Monday, October 4, 2010

Oilpunk? Plasticgoth?



I've become very amused by how literary genres are multiplying and budding right out of each other. If you set your eyes on one specific genre, odds are, it has somehow managed to procreate with itself sometime during the last year or so, breeding a plethora of subset genre spawn.

The most entertaining to investigate is the Steampunk genre, a movement that both mimics the sci-fi innovation of cyberpunk, as well as rebels against the Victorians' worship of steam-driven machinery, satirizing the belief that advanced technology would reinvent the British empire. Of course, while mocking the idolizing of super-awesome-gadgetry, the defining flavor of Steampunk is the flashy use of zeppelins, trackless locomotives, badass clocks, and any other devices bedazzled in cogs and gears.



But of course, having one genre has become so last season. Not only is there steampunk, but also:

Dieselpunk: steampunk with diesel in the engines.

Clockpunk: steampunk with a particular emphasis on clocks... ? (Sounds like a Watchmen's doomsday clock meets The Great Mouse Detective's fist fight atop Big Ben.)

Western steampunk: steampunk gone Will-Smith-in-a-cowboy-hat.

Steamgoth: that's right, steampunk, but darker!

Gaslight romance: steampunk with less sci-fi, more fantasy. Apparently, when you think of historical fantasy, you think of gaslights.

Gaslamp fantasy: the same as gaslight romance, except more gaslamps than gaslights.

Now the above list is pretty impressive. But why stop here? I'm going to write a sci-fi book about 19th century Texas and call it Oilpunk. Or I could write a Cratepaperpunk fluorescent sci-fi fantasy with elements of plasticgoth and linoleum hair metal bubble pop rock.

The real dilemma for an author would be to write about a 17th century cowboy pirate detective who battle trolls and wizards with a fire shooting gaslamp and diesel fueled engine while racing to London to stop a giant doomsday clock from striking midnight and triggering a steam pressured atom bomb.

Now I'm just having a party with myself and my own self-assured cleverness, but doesn't this perpetual begetting of subset genres beneath the umbrella of an already existing subset (isn't steampunk a branch of cyberpunk which is a branch of sci-fi?) seem a little silly?

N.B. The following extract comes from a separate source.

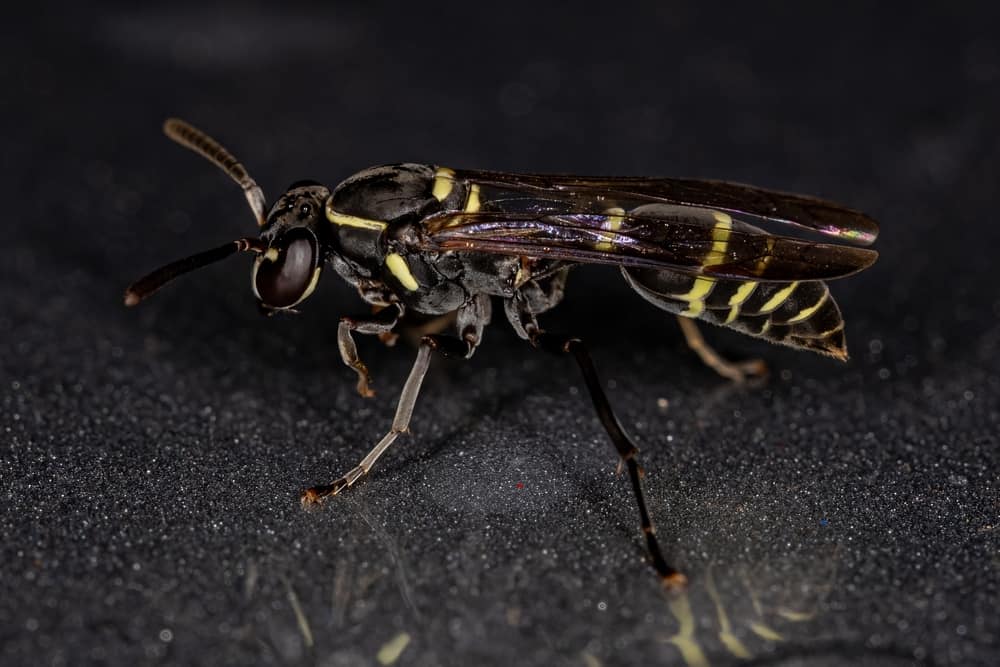 دبور بوليبيا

Is a book shopper really going to choose between two sci-fi fantasy novels based on which one has the most clocks or the gothic-est gaslamp? And are there really enough dieselpunk novels to fit a shelf in Barnes & Noble, or even half a shelf?

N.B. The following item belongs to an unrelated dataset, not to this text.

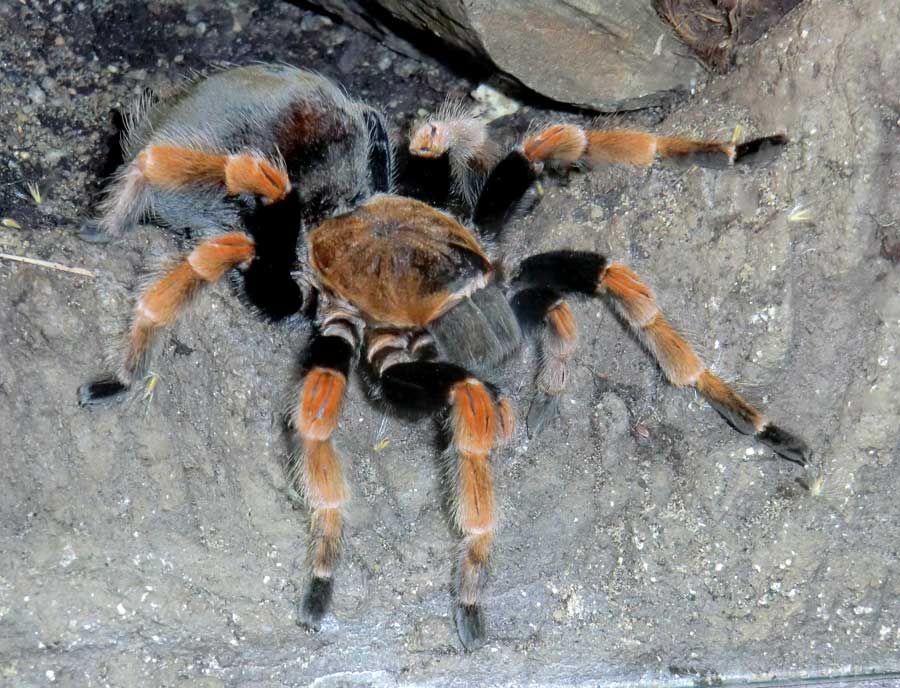 Mexikanische Rotbeinvogelspinne im Zoo Wuppertal im Mai 2014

This subset to the subset movement makes me wonder if we even need genres at all? Considering that every new book written has reimagined its own category and forged an entirely new genre?

What subset genre are planning to create? Do you agree with the excessive labeling? Would you go gaslamp goth or petroleumpunk fantasy?

1 comment:

  1. Your post made me laugh, but genres are an interesting topic. They are something of a necessary evil in my book. Discerning between diesel- and petroleum-based technology is a bit silly, but of course the distinction between self-help and children's fantasy is a very useful one to make. The line is in there somewhere, I just can't quite pin it down.